Work instruction:
Would you return exactly the lines below from the line with "grassy meadow daisies" through the line with "Montre Automatique U-Boat", both included, and nothing else, leaving out the pictures?

Data supplied:
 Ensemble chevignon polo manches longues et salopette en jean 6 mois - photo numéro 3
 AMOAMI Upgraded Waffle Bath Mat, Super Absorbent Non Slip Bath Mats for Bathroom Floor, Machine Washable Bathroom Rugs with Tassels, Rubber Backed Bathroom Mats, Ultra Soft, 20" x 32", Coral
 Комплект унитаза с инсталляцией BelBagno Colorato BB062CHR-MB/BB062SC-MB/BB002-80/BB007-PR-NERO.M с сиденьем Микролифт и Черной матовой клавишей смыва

---

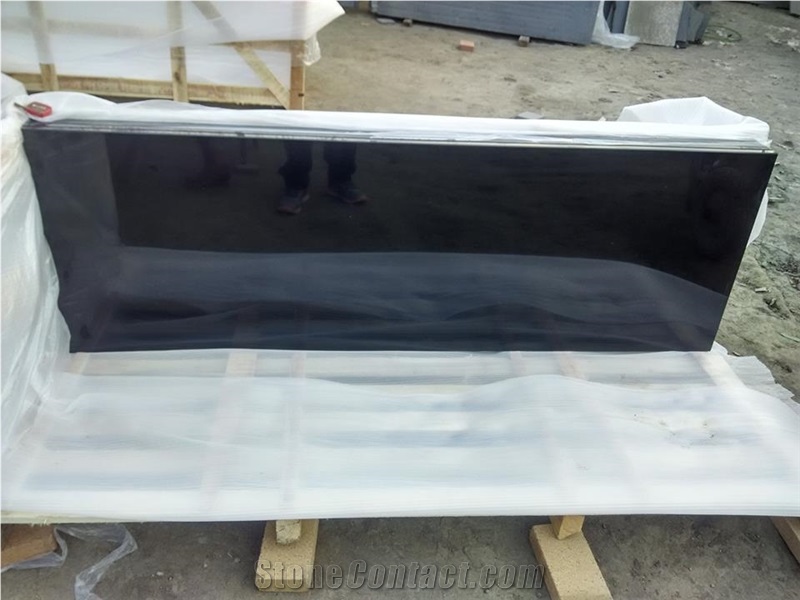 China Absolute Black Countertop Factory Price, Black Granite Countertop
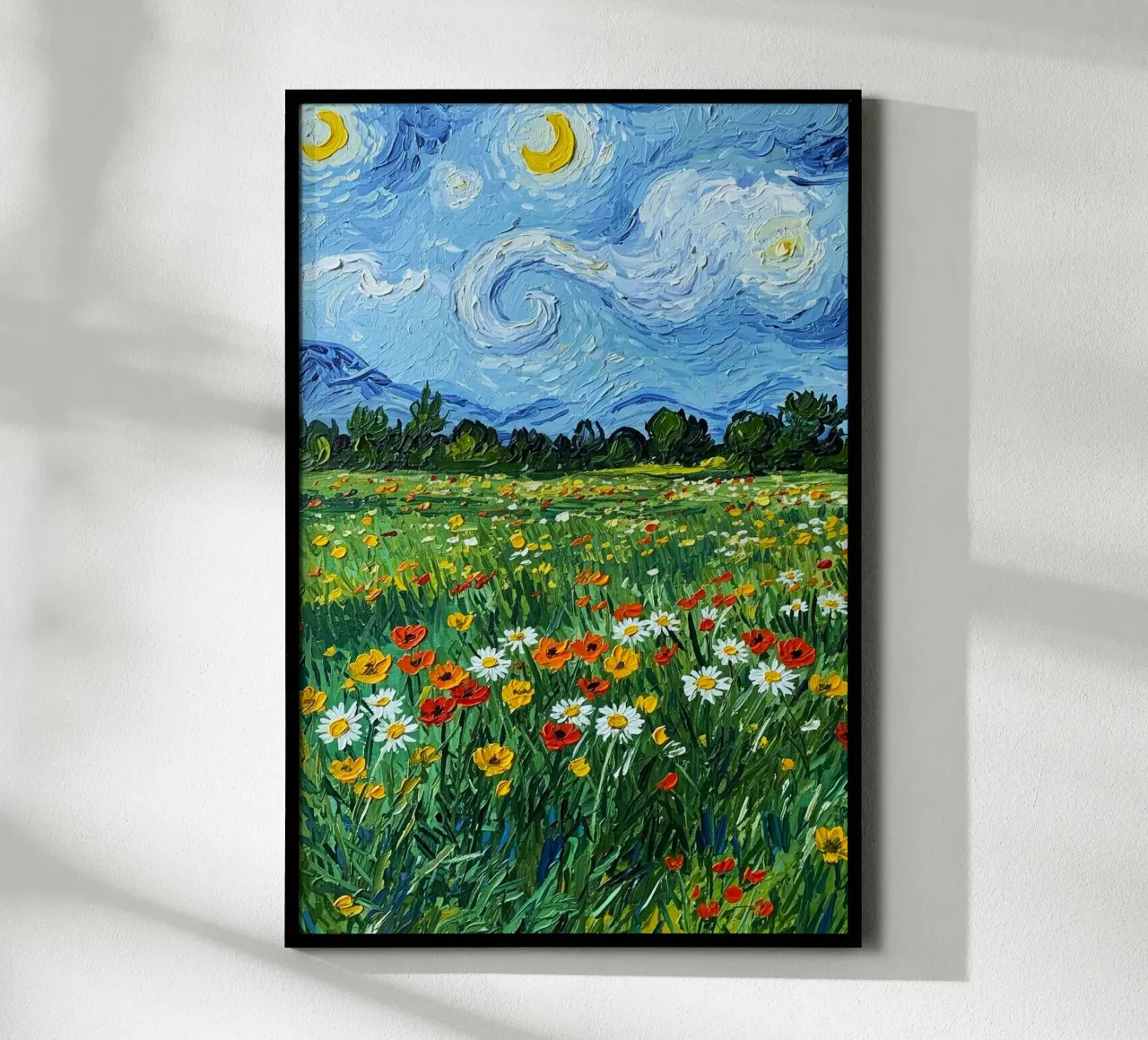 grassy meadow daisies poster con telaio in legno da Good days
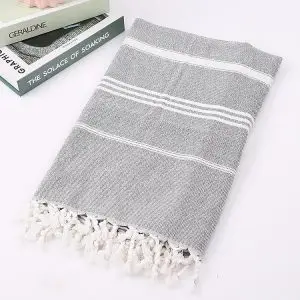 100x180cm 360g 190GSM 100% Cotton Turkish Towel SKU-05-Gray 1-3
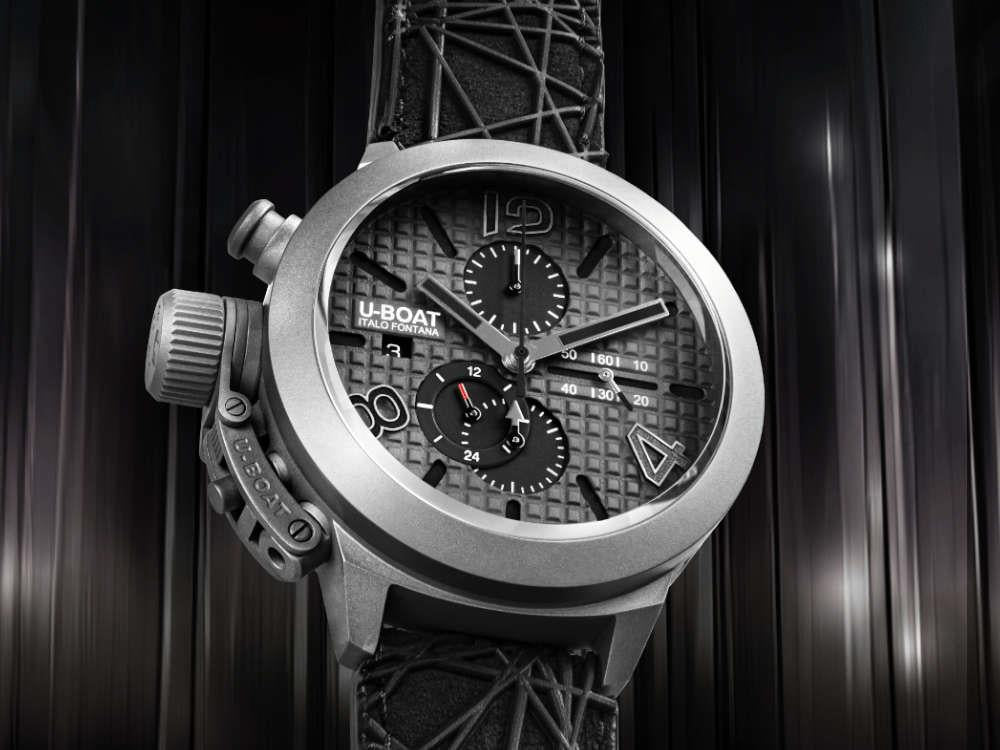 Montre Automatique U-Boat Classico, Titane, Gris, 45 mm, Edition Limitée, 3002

Written response:
 grassy meadow daisies poster con telaio in legno da Good days
 100x180cm 360g 190GSM 100% Cotton Turkish Towel SKU-05-Gray 1-3
 Montre Automatique U-Boat Classico, Titane, Gris, 45 mm, Edition Limitée, 3002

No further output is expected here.